- Task -
Give again, word for word, the line holding "A man drove" and every line after it through the end of the data below. Omit pictures.

- Records to use -
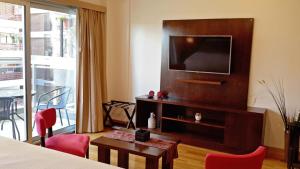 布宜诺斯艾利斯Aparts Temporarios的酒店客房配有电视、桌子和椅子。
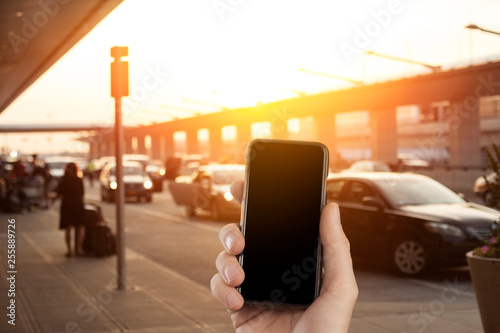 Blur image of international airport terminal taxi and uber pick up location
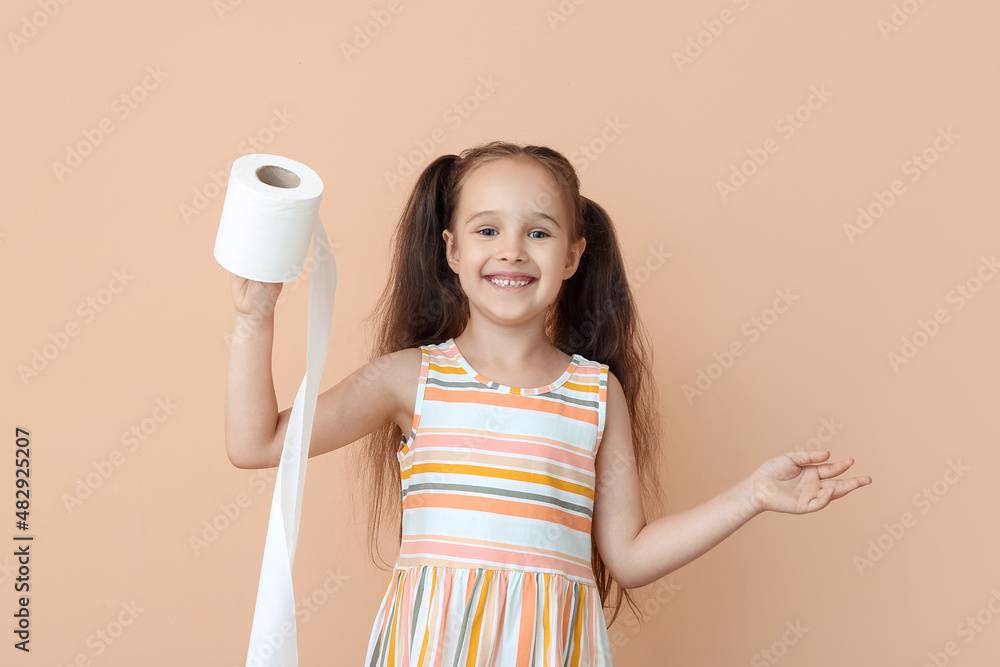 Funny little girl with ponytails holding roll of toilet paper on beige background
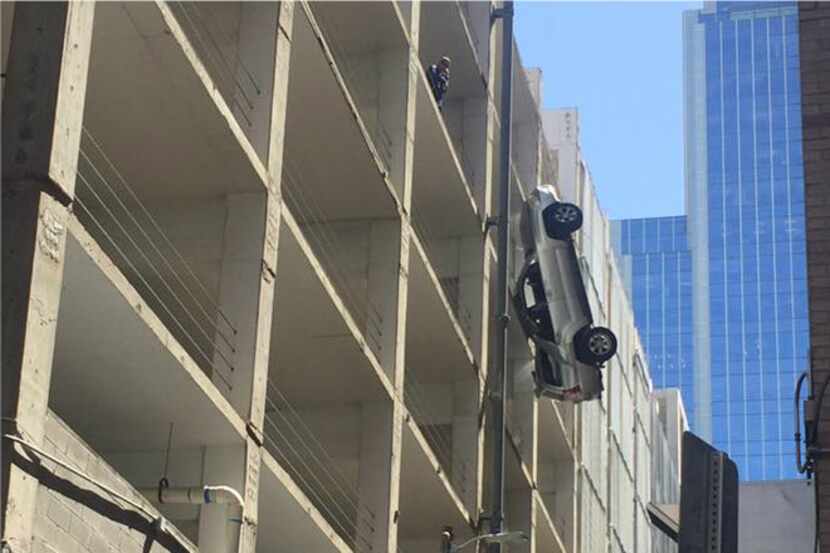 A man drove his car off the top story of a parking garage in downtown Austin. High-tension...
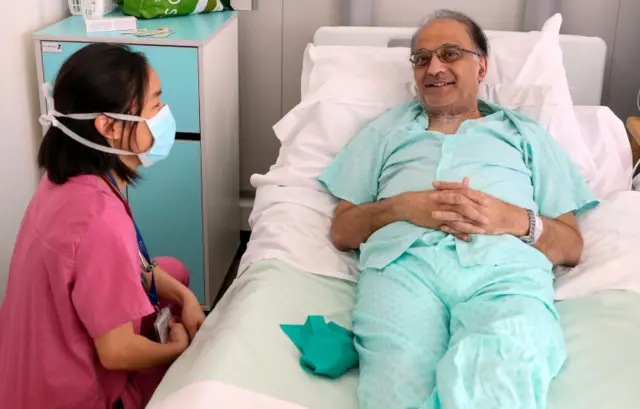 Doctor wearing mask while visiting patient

- Result -
 A man drove his car off the top story of a parking garage in downtown Austin. High-tension...
 Doctor wearing mask while visiting patient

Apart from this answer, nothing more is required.